I’ve been helping some friends make their starters and given them a bit of mine to add to theirs.

It makes it friendship bread!


When you are ready to bake your bread, you’ll need:

+ half of your starter, approx 7 oz

+ dark rye flour, 275 grams

+ cracked rye, 330 grams (this was really hard for me to find, so I bought it on Amazon)

+ whole wheat flour, 300 grams

+ flaxseeds, 80 grams

+ cold water, 24 oz

+ molasses, 1 tbsp

+ sea salt, 1.5 tbsp

What you do:

+ Oil your pan. I use a silicon brush and avocado or olive oil for this. My pan is the standard 9×5. The MDK recipe calls for a bigger pan, so if you have it, use it. I’ve used 2 smaller pans, but I like my overflowing 9×5 pan better. In the future I will be buying this one.

+ In a big bowl, combine all the above ingredients. I recommend stirring it by hand with a big wooden spoon. Using a mixer with the dough hook is actually more difficult. 

+ Pour (more like scoop – it’s thick) the dough into your oiled pan and even it out.

+ Cover the pan with plastic wrap and let it sit for 10 -12 hours.


Yes, 10 -12 hours… I always do this at night, so when I wake up the next morning it’s ready to bake. You could also make the dough in the morning, and bake it when you get home from work that evening. Whatever works.

10 – 12 hours later…

+ Preheat your oven to 400 F.

+ Remove plastic wrap & poke about 20 holes in the loaf with a skewer/toothpick. This is to let steam out while it bakes.

+ Brush the top of the loaf with oil/water. Again, I use a silicon brush and avo or olive oil.

+ Bake in the oven for 1 hour and 15 mins at 400 F.


When the bread comes out of the oven…

+ Keep it in the pan and let it cool off for a few minutes.

+ While the bread is still pretty warm, take it out of the pan, put it in a plastic bag and make sure it’s sealed. I use thin, clear bags you put produce in at the grocery store. Just grab a few off the roll and stuff them in your pocket. No one cares. I seal it shut with a bag clip.
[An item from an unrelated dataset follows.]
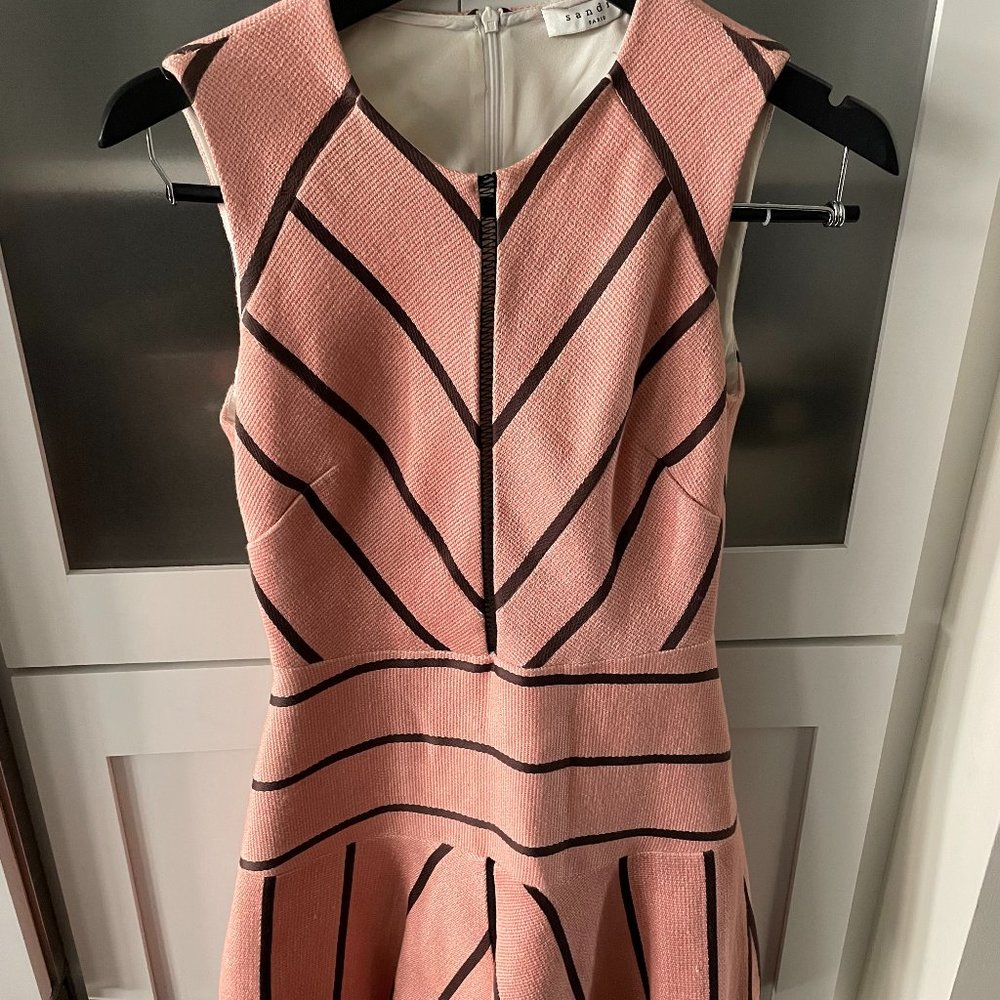 Sandro Pink/Brown mini dress size 1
** You put it in the bag while it’s hot so the the steam & condensation soften the super hard crust.**

+ Let the bread totally cool. This will take a couple hours. Then slice into thin pieces. This bread is filling so thin slices are best. The bread is hard so slicing is a workout…. You can probs skip arm day at the gym.

+ Once it’s sliced, wipe the water out of the bag and reuse it. You can keep your bread in the fridge, freezer or in your bread basket. It freezes really well. 
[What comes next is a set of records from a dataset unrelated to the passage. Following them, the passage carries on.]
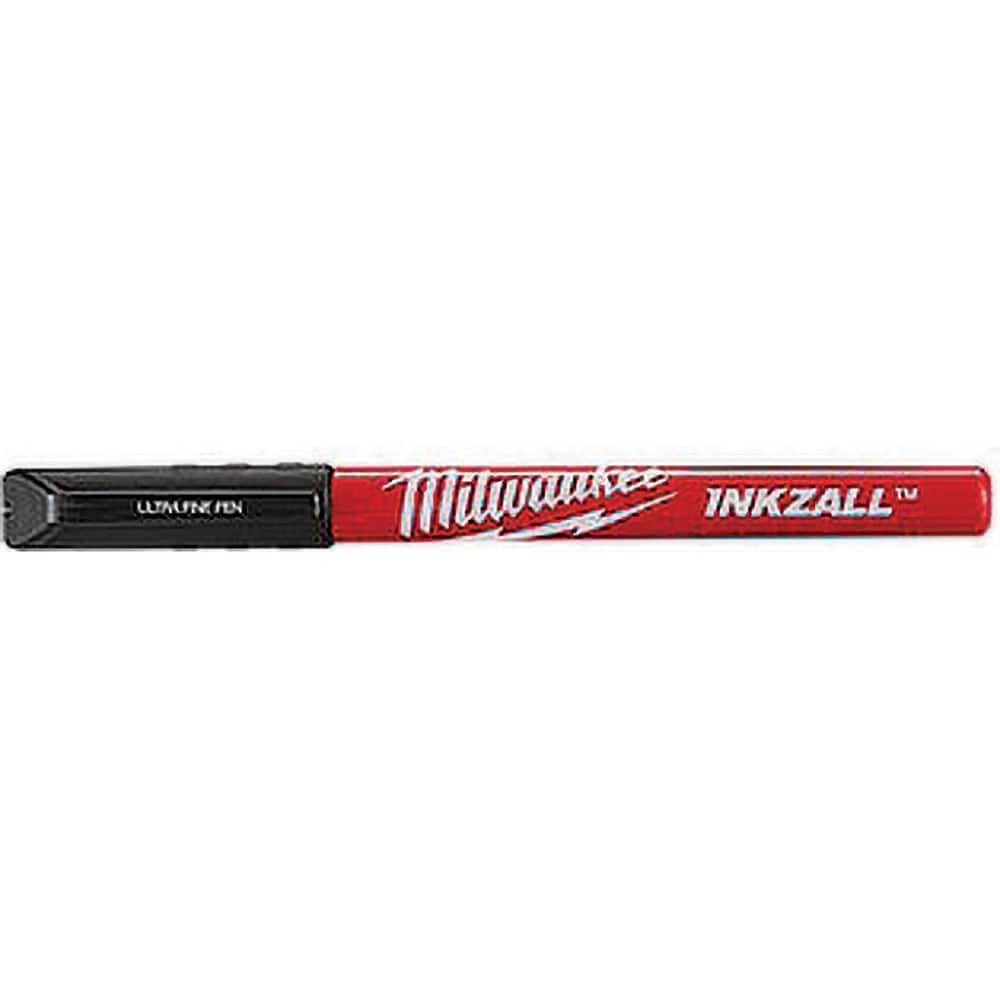 Milwaukee 4 pk INKZALL Black Ultra Fine Point Pens 48-22-3164 from
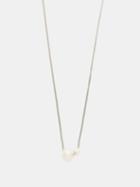 Completedworks - One [blank] Can Change The World Pearl Necklace - Mens - Silver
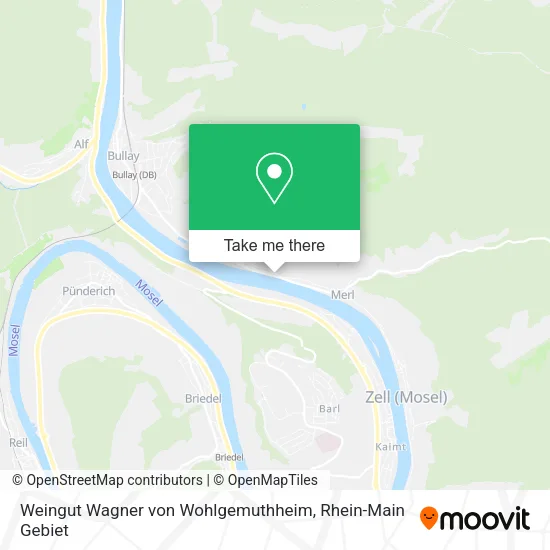 Карта Weingut Wagner von Wohlgemuthheim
It seems like a lot of steps but once you make it, you’ll see it’s actually so easy. And, there’s room to play! One time I made it normal, one time I added raw, unsalted sunflower seeds and next time I’m going to crust the top of the loaf in 1 billion sesame seeds.


My absolute, favourite way to eat rugbrød is toasted and then topped with a slice of havarti and a red or orange sliced bell pepper. It’s the best.
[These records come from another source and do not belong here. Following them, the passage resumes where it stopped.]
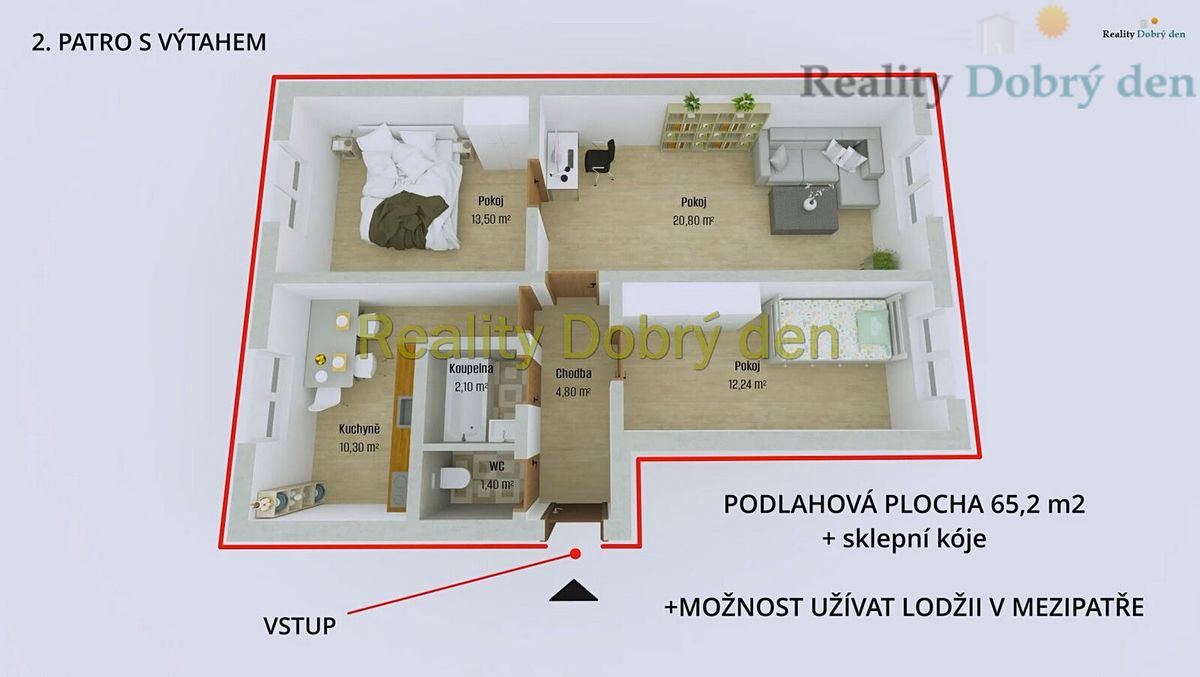 Prodej bytu 3+1 65 m² – fotografie 2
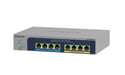 Switch gestito NETGEAR 8 porte Ultra60 PoE++ Multi-Gigabit (2.5G) Ethernet Plus Connessione Ethernet L2/L3 2.5G (100/1000/2500), con supporto di alimentazione tramite Ethernet (PoE) Grigio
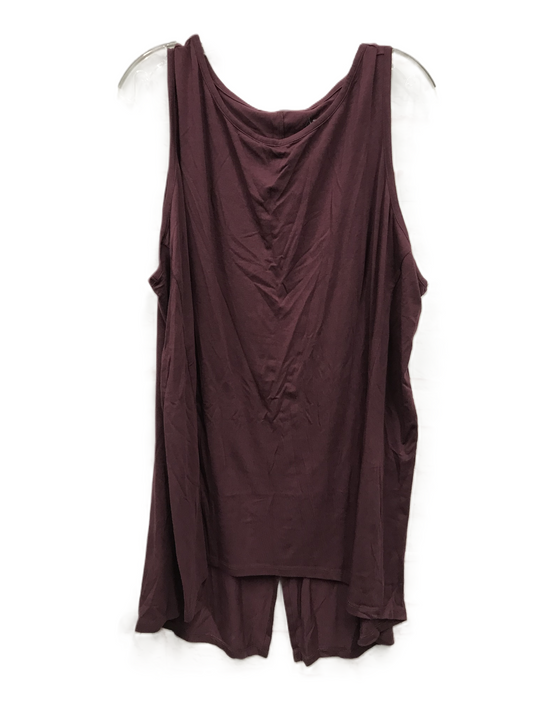 Purple Top Sleeveless Basic By Any Body, Size: 3x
My boyfriend is Faroese so I spend a lot of time in the Faroe Islands and Denmark (the Faroe Islands are part of Denmark). I love many things about life over there but the rugbrød tops the charts. I was so happy when I found this recipe on My Danish Kitchen because it tastes exactly like the loaves I buy when I’m over there. I’m almost mad I know how to make it now. Will it stay being special to me? Probably not. Oh well. It’s too good for me to not have it in my kitchen all the time, no matter what country I’m in.